Na terça-feira (27) os dois participaram de uma audiência de conciliação no Fórum de Planalto. Na ocasião, a mulher afirmou que não desejava prosseguir com a representação por crime de ameaça contra o ex-marido. Mesmo assim, a Justiça deferiu a medida protetiva, estabelecendo que o agressor deveria manter distância mínima de 100 metros da vítima e estaria proibido de se comunicar com a ex-mulher por 90 dias, sob pena de prisão em caso de descumprimento.

Na audiência ficou acordado que Roseli iria buscar seus objetos pessoais na casa do ex-companheiro na manhã desta quarta, sendo que Clair não poderia estar em casa no horário combinado. No entanto, quando a mulher guardava os pertences, foi surpreendida por ele.

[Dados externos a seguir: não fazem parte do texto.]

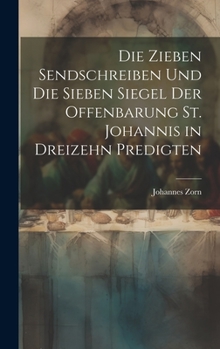 Hardcover Die zieben Sendschreiben und die sieben Siegel der Offenbarung St. Johannis in dreizehn Predigten [German] Book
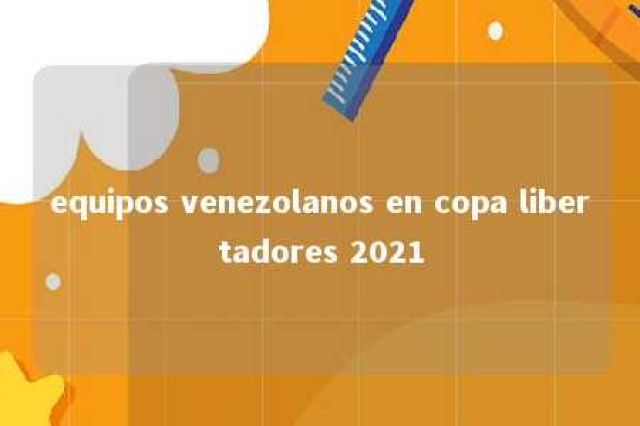 equipos venezolanos en copa libertadores 2021 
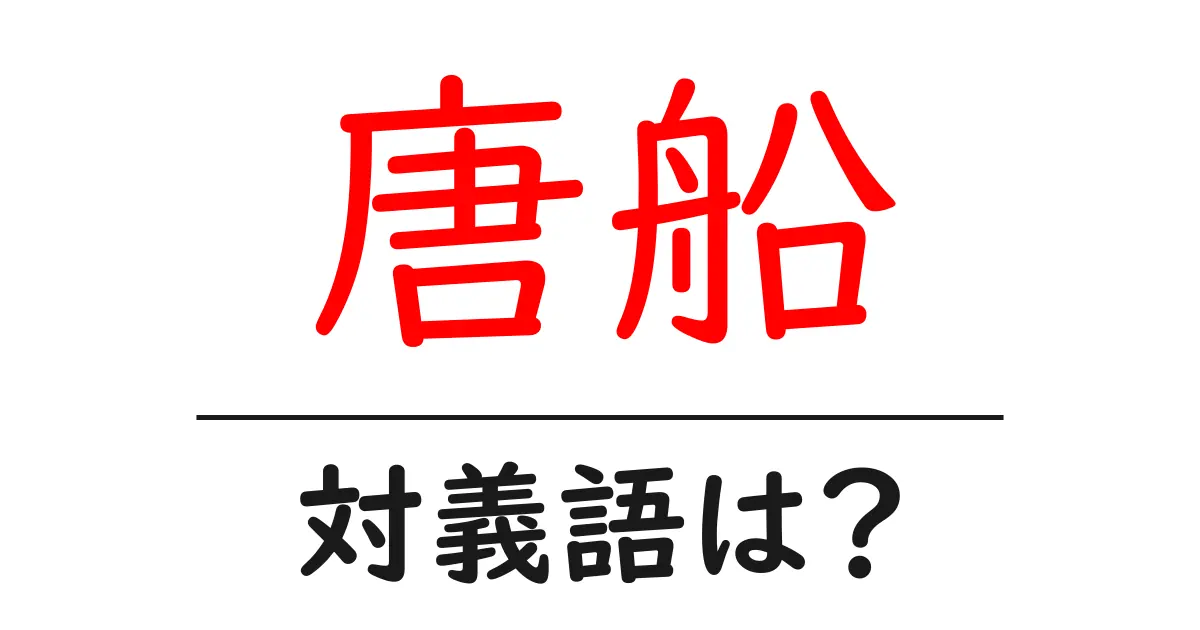 唐船の対義語・反対語を使用例を交えて分かりやすく解説!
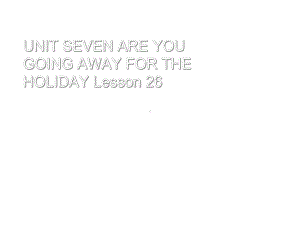 UNITSEVENAREYOUGOINGAWAYFORTHEHOLIDAYLesson26课件1优质公开课北京一起5下.ppt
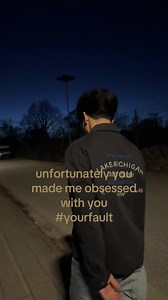 Unfortunately You Made Me Obsessed With You: Your Fault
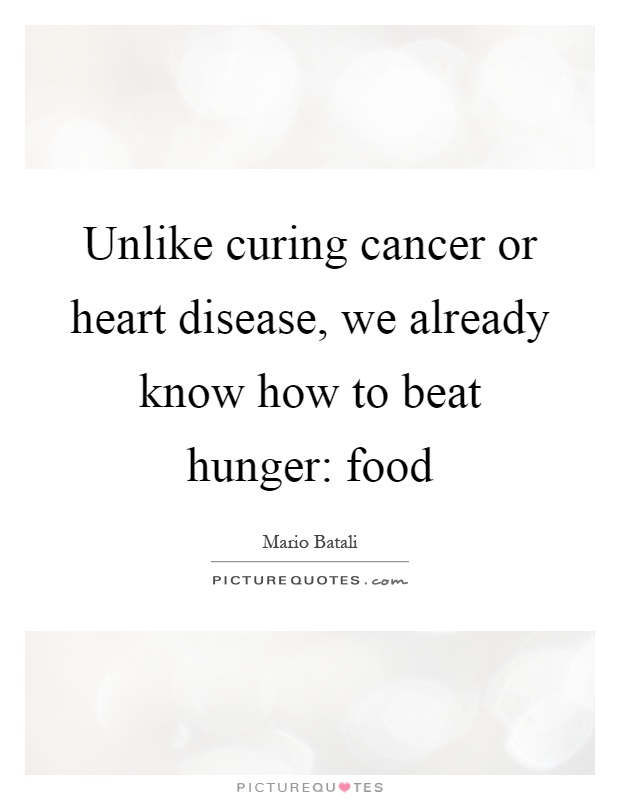 Unlike curing cancer or heart disease, we already know how to beat hunger: food Picture Quote #1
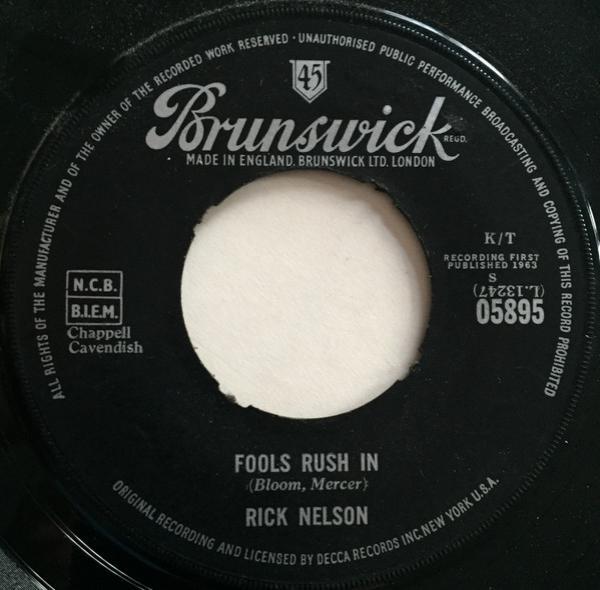 Ricky Nelson  - Fools Rush In / Down Home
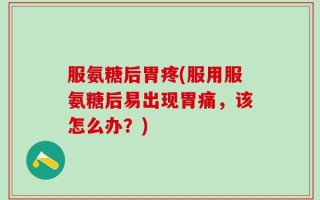 服氨糖后胃疼(服用服氨糖后易出现胃痛，该怎么办？)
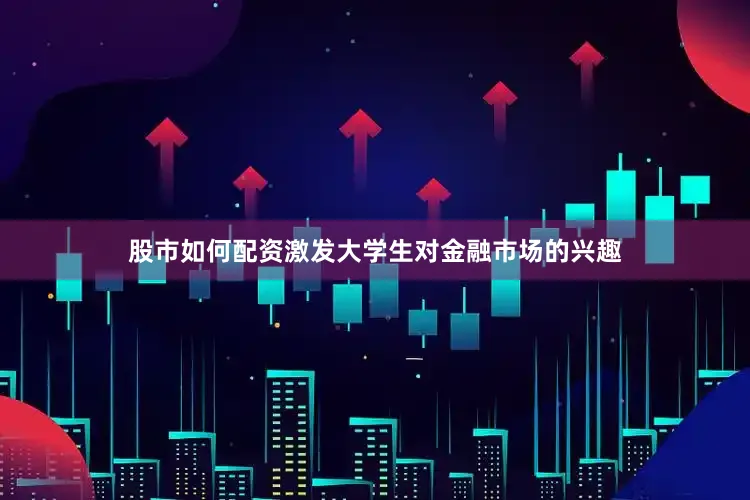 股市如何配资激发大学生对金融市场的兴趣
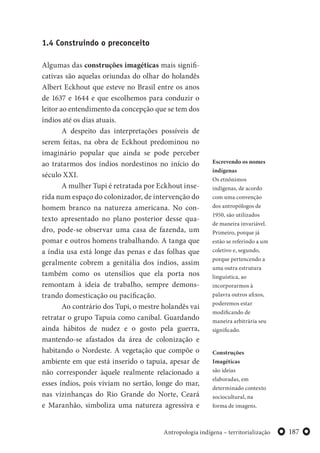 187Antropologia indígena – territorialização
1.4 Construindo o preconceito
Algumas das construções imagéticas mais signifi-
cativas são aquelas oriundas do olhar do holandês
Albert Eckhout que esteve no Brasil entre os anos
de 1637 e 1644 e que escolhemos para conduzir o
leitor ao entendimento da concepção que se tem dos
índios até os dias atuais.
A despeito das interpretações possíveis de
serem feitas, na obra de Eckhout predominou no
imaginário popular que ainda se pode perceber
ao tratarmos dos índios nordestinos no início do
século XXI.
A mulher Tupi é retratada por Eckhout inse-
rida num espaço do colonizador, de intervenção do
homem branco na natureza americana. No con-
texto apresentado no plano posterior desse qua-
dro, pode-se observar uma casa de fazenda, um
pomar e outros homens trabalhando. A tanga que
a índia usa está longe das penas e das folhas que
geralmente cobrem a genitália dos índios, assim
também como os utensílios que ela porta nos
remontam à ideia de trabalho, sempre demons-
trando domesticação ou pacificação.
Ao contrário dos Tupi, o mestre holandês vai
retratar o grupo Tapuia como canibal. Guardando
ainda hábitos de nudez e o gosto pela guerra,
mantendo-se afastados da área de colonização e
habitando o Nordeste. A vegetação que compõe o
ambiente em que está inserido o tapuia, apesar de
não corresponder àquele realmente relacionado a
esses índios, pois viviam no sertão, longe do mar,
nas vizinhanças do Rio Grande do Norte, Ceará
e Maranhão, simboliza uma natureza agressiva e
Escrevendo os nomes
indígenas
Os etnônimos
indígenas, de acordo
com uma convenção
dos antropólogos de
1950, são utilizados
de maneira invariável.
Primeiro, porque já
estão se referindo a um
coletivo e, segundo,
porque pertencendo a
uma outra estrutura
linguística, ao
incorporarmos à
palavra outros afixos,
poderemos estar
modificando de
maneira arbitrária seu
significado.
Construções
Imagéticas
são ideias
elaboradas, em
determinado contexto
sociocultural, na
forma de imagens.
 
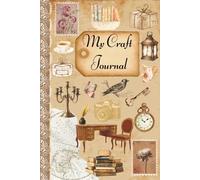 My Craft Journal: Scrapbooking, Vintage Junk Notebook, Antique-Inspired, Dotted pages, Bullet format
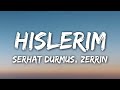Serhat Durmus Hislerim Lyrics Ft Zerrin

"O clima da audiência de ontem não permitiu, ao Ministério Público pelo menos, pressentir que aconteceria uma desgraça dessas. Havia um clima amistoso, tanto que a visitação do filho ficou acordada pelas partes", afirmou o promotor do Ministério Público de Planalto Rodrigo Mendonça Pinto dos Santos, que acompanhou a audiência.

"O fato dela ter ido, ou se disponibilizado a ir, nos denotou que não haveria um risco de uma barbárie como essa", acrescentou.